|Home | About | Journals | Submit | Contact Us | Français|
To identify the clinical and radiologic features that should raise suspicion for the pseudotumoral presentation of cerebral amyloid angiopathy–related inflammation (CAA-I).
We retrospectively reviewed the characteristics of 5 newly diagnosed and 23 previously reported patients in whom the CAA-I imaging findings were initially interpreted as CNS neoplasms.

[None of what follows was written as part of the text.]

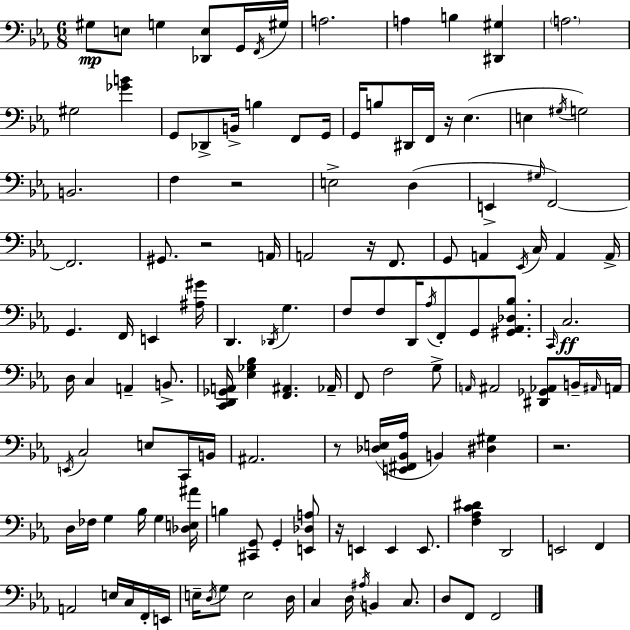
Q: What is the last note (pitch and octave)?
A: F2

Most cases (85%) occurred in patients >60 years old. The clinical characteristics at presentation included subacute cognitive decline (50%), confusion (32%), focal deficits (32%), seizures (25%), and headaches (21%). Brain MRI demonstrated infiltrative white matter lesions that exhibited a loco-regional mass effect without parenchymal enhancement (93%). In general, these findings were interpreted as low-grade glioma or lymphoma. Eighteen patients (64%) underwent a biopsy, which was nondiagnostic in 4 patients (14%), and 6 patients (21%) underwent a surgical resection. The primary reason for the misinterpretation of the imaging findings was the absence of T2*-weighted gradient recalled echo (T2*-GRE) sequences on initial imaging (89%). When subsequently performed (39%), the T2*-GRE sequences demonstrated multiple characteristic cortical and subcortical microhemorrhages in all cases. Perfusion MRI and magnetic resonance spectroscopy (MRS), which were performed on a subset of patients, indicated markedly reduced relative cerebral blood flow and a normal metabolic ratio.
The identification of one or several nonenhancing space-occupying lesions, especially in elderly patients presenting with cognitive impairment, should raise suspicion for the pseudotumoral presentation of CAA-I and lead to T2*-GRE sequences. Perfusion MRI and MRS appear to be useful techniques for the differential diagnosis of this entity.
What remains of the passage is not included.